### Work to be completed
I'd like the entries repeated exactly, pictures omitted.

### Source material
-*-*-
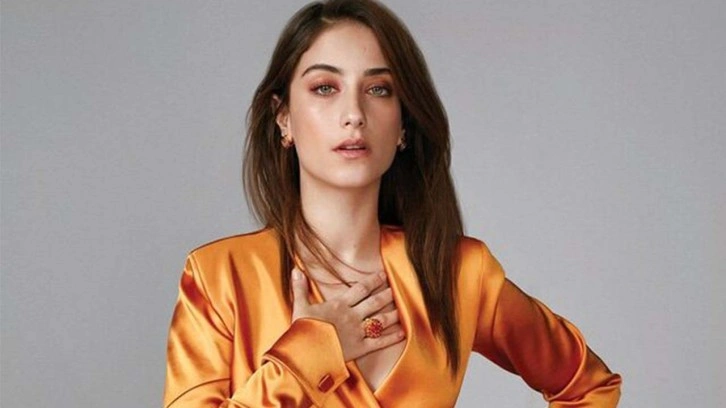 Karnı burnunda Hazal Kaya'dan mini tül elbiseli pozlar! Güzelliğini gören mest oldu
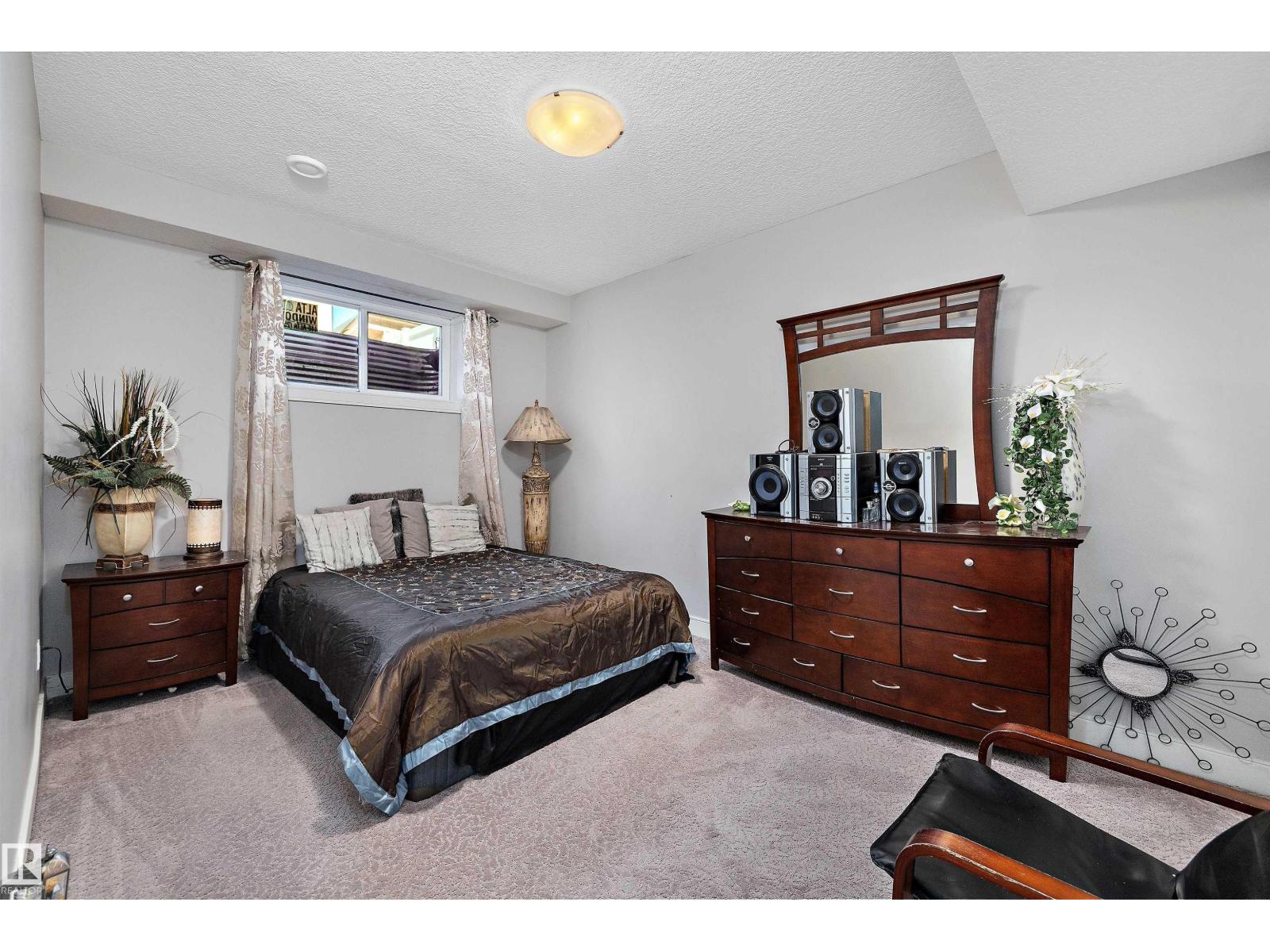 16742 61 ST NW - 55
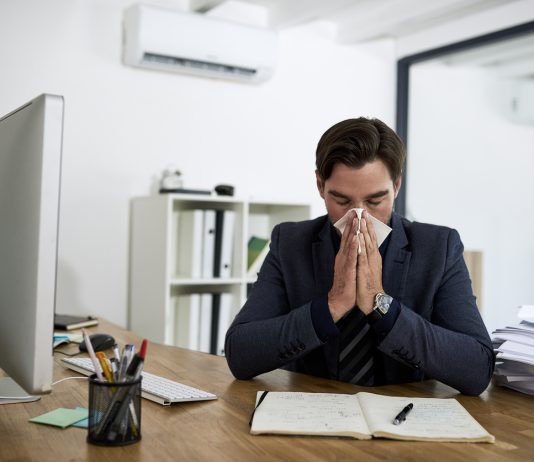 Përse e do Allahu teshtimën dhe e urren gogësimën?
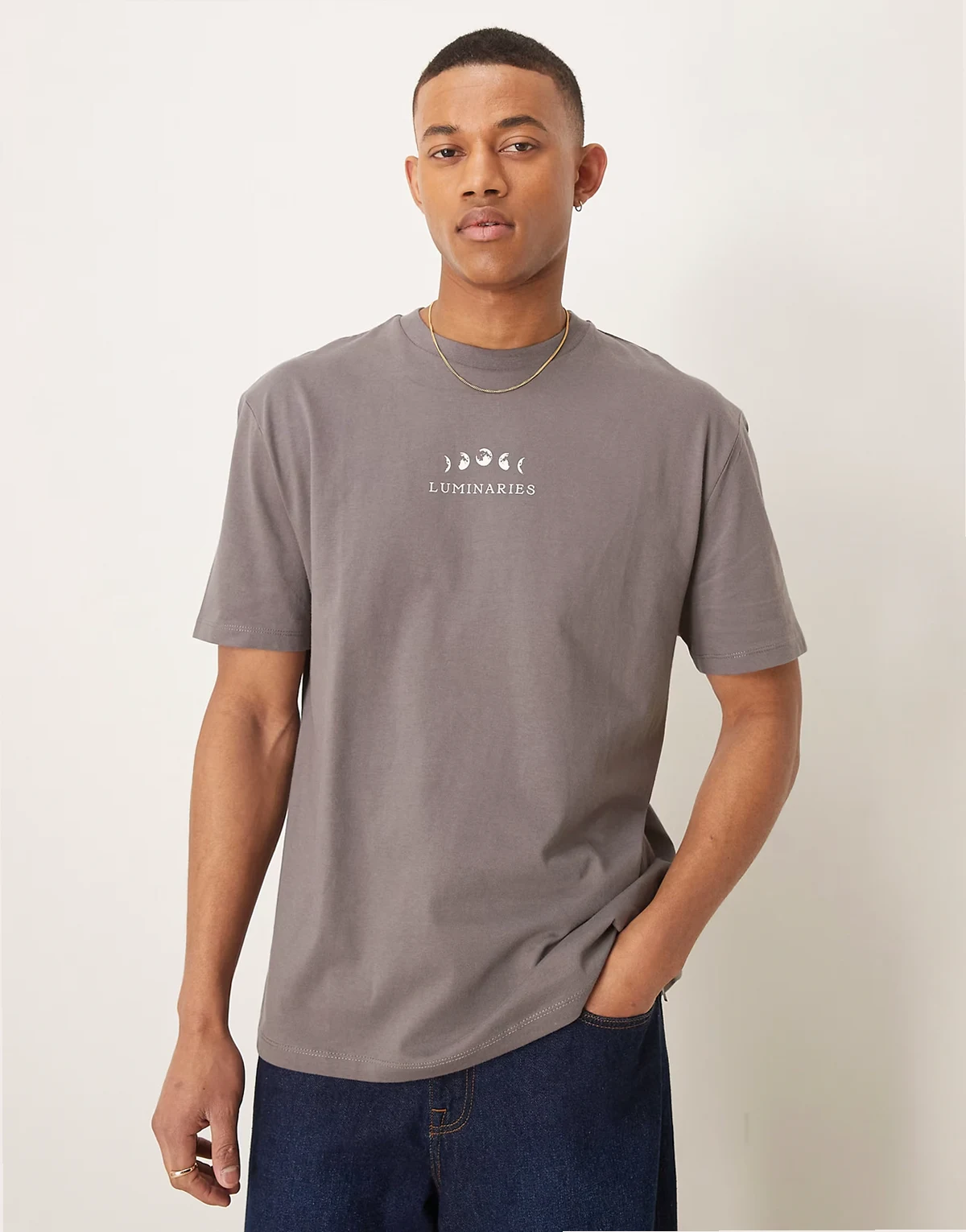 – Szary T-shirt o luźnym kroju z astronomicznym nadrukiem na klatce piersiowej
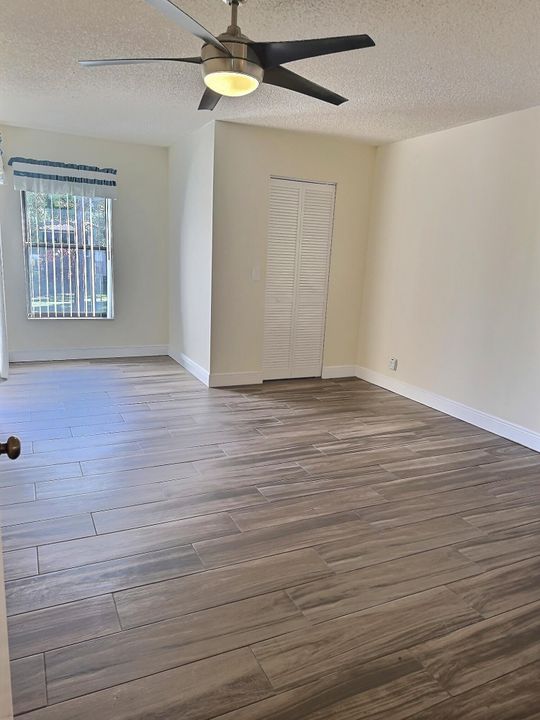 На продажу: $188,000 (2 спален, 2 ванн, 1059 Квадратных фут)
-*-*-
### Written solution
 Karnı burnunda Hazal Kaya'dan mini tül elbiseli pozlar! Güzelliğini gören mest oldu
 16742 61 ST NW - 55
 Përse e do Allahu teshtimën dhe e urren gogësimën?
 – Szary T-shirt o luźnym kroju z astronomicznym nadrukiem na klatce piersiowej
 На продажу: $188,000 (2 спален, 2 ванн, 1059 Квадратных фут)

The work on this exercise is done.